Because (as of this writing) all clusters write snapshots to the same endpoint and bucket, you can restore any snapshot to any cluster. Restoring to clusters with wildly different amounts of resources from the snapshot source (such as restoring a snapshot from a large production cluster to a small test cluster) requires changing index settings, see below.

Restore Snapshot

To restore the snapshot we should override a few index settings. The below settings may or may not be appropriate for your use case, please review as necessary. In the specific example below the number_of_replicas was set to 0 with the intent of expanding that post-restore using normal index recovery mechanisms. total_shards_per_node was set to a large value to allow a 32 shard index to be restored into a 6 node cluster.
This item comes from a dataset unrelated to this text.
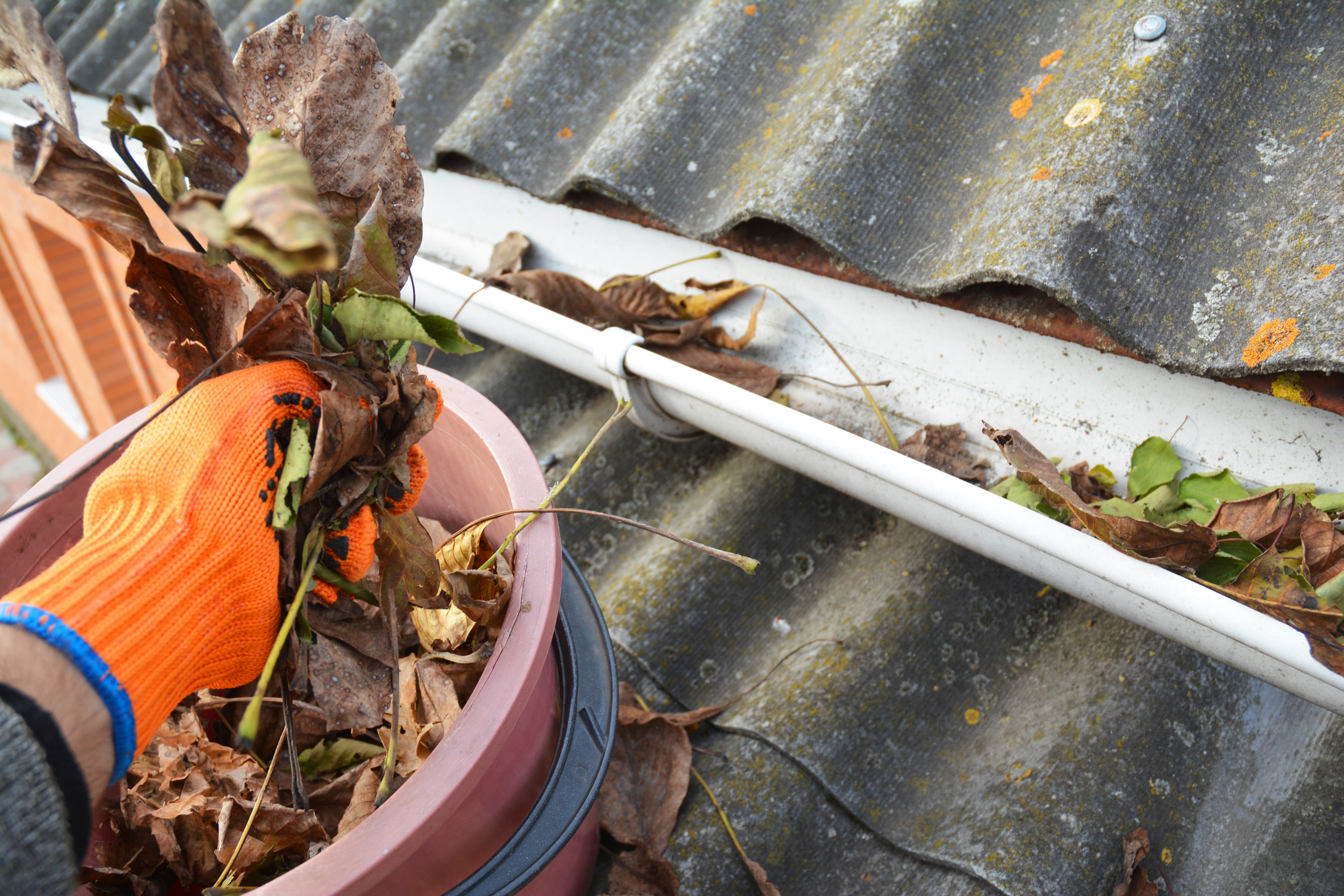 Rain gutters cleaning from leaves. Asbestos roof gutter cleaning.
curl -H 'Content-type: Application/json' -XPOST  \
    https://cloudelastic.wikimedia.org:9243/_snapshot/elastic_snaps/snapshot_t309648/_restore -d '{
        "indices": "commonswiki_file_1647921177",
        "include_global_state": false,
        "index_settings": {
            "index.number_of_replicas": 0,
            "index.auto_expand_replicas": null,
            "index.routing.allocation.total_shards_per_node": 8
        }
    }'

Check Status of Ongoing Restore

The restore operation uses the shard recovery process to restore an index’s primary shards from a snapshot. See the Elastic docs for more details. You can check status with the following command:

curl -H 'Content-type: Application/json' -XGET  \
    https://cloudelastic.wikimedia.org:9243/_snapshot/elastic_snaps/snapshot_t309648/_status?pretty

Post Restore

If the number_of_replicas was set to 0 during restore it's critical that we bring this back to the expected value post-restore. Additionally in this specific example the refresh_interval was increased to the default expected in that specific cluster.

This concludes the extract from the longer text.